2008-09-16

建物は今でもシンボルなんだろうか。

world trade center
[響けブログ]という、私の別ブログで、このところ、2000年に行ったニューヨーク旅行について書いている。当時夫が撮影した入魂の写真群──なんとフィルムカメラである──と、2008撮影のGoogle Street Viewの画像を見比べながら、1つの投稿でワールドトレードセンター崩壊前後のニューヨークを同時に訪ねようという趣向だったのだが、これがどうしたことか、好評でないのか、アクセスが伸び悩んでいる。そんなことがあって、これはどうも、古い知識であり情報なんじゃないかという気がしてきた。

あながち古い話ばかりしているから、という意味ではない。ワールドトレードセンターという建物がかつてあり、その中で多くの人が働き、世界に少なからず影響を与え、そのことがまた街の一部であったという時期が、かつてあった。そしてそのような記憶が、建物そのものの記憶と分かちがたく結びついていたはずである。──この「結びついているはず」というところが古いのではないか?

実際問題として、自分でさえ、建物と物語の結びつきはかなり風化しているように思われる。建物が建っている写真を見ても、その物語や事情といったものが、思うように喚起されないのだ。

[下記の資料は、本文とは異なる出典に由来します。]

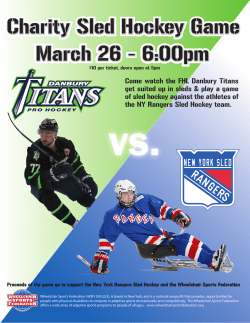 Charity Sled Hockey Game March 26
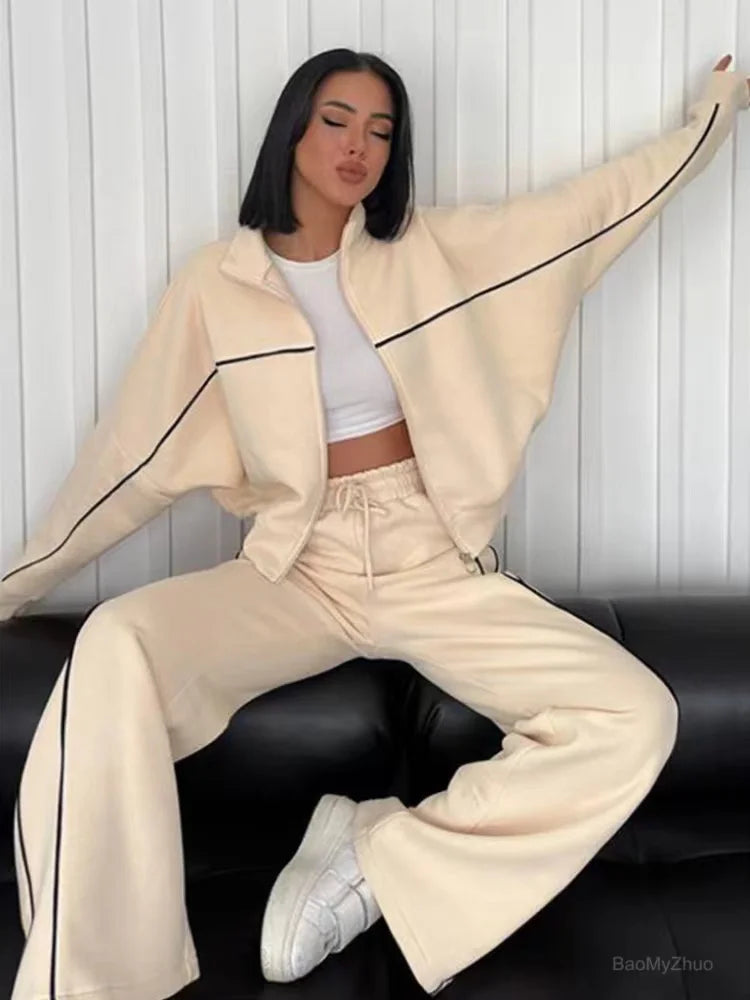 Outfit Sets - Athleisure Sweat 2-Piece Set Sweatshirt & Lounge Pants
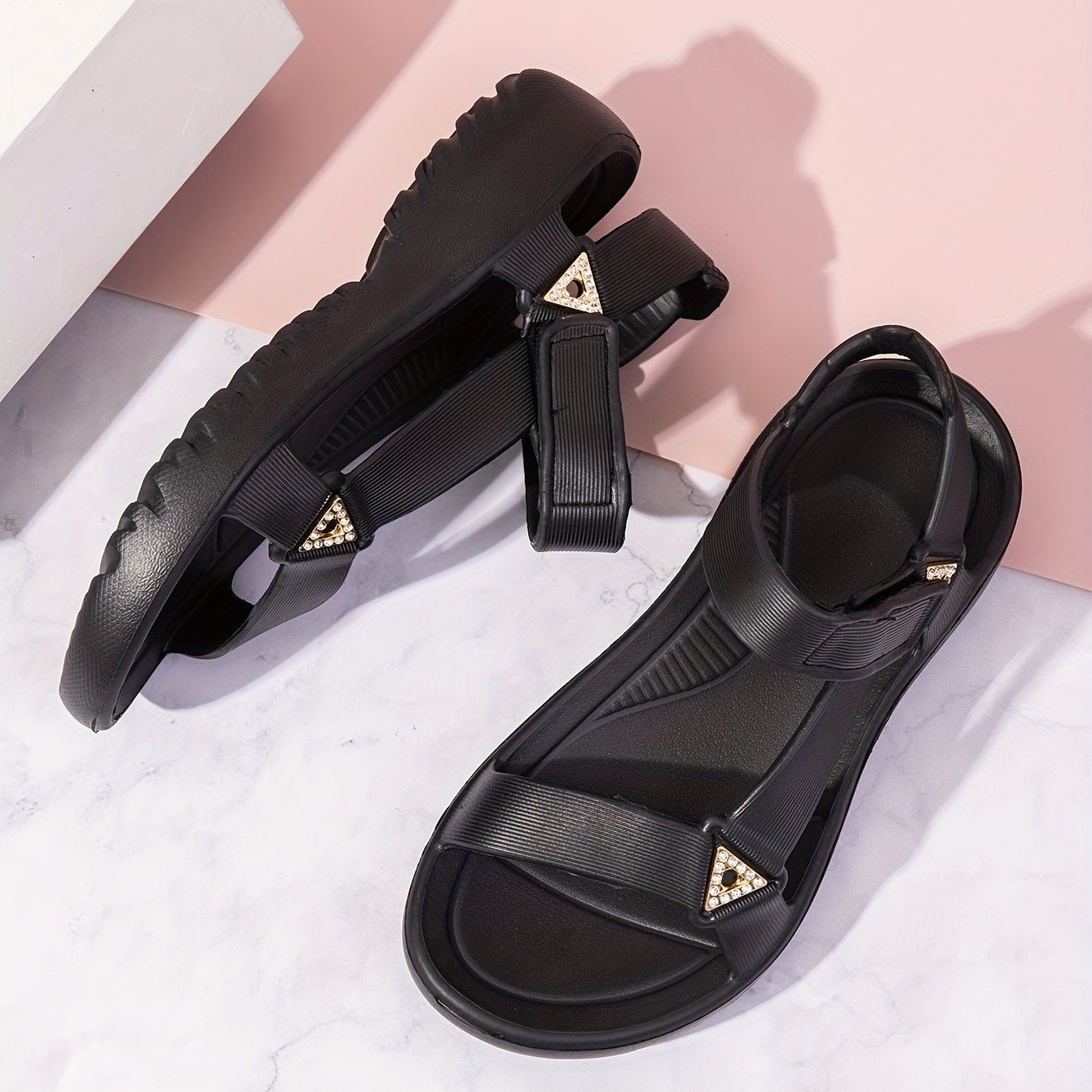 Women's Rhinestone Wedge Sandals Summer Casual Ankle Strap Sports Sandals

──というわけでつまり、建物を単なる人工物ではなくそのような物語の一部として読み取る情報処理のようなものがわれわれの中で廃れてきているのではないか。

ただよく考えてみると、それが風化というものであって、今にはじまったことじゃないという気もする。しかしながら、それにしても早いというか、明らかにその風化はスピードアップしているのではないだろうか。そもそも9・11の報道にしてからが、今年はずいぶん地味なものだったように思う。土地や建物が蔵する物語/情報喚起力でニューヨークの摩天楼を語ることが古くさいならば、それがシリコンバレーだって同じということになるはずである。

9・11の報道も、2008年の焦点は、ずばり大統領選である。確かにこちらもまた、今に始まったことじゃないという気はするのだけれど。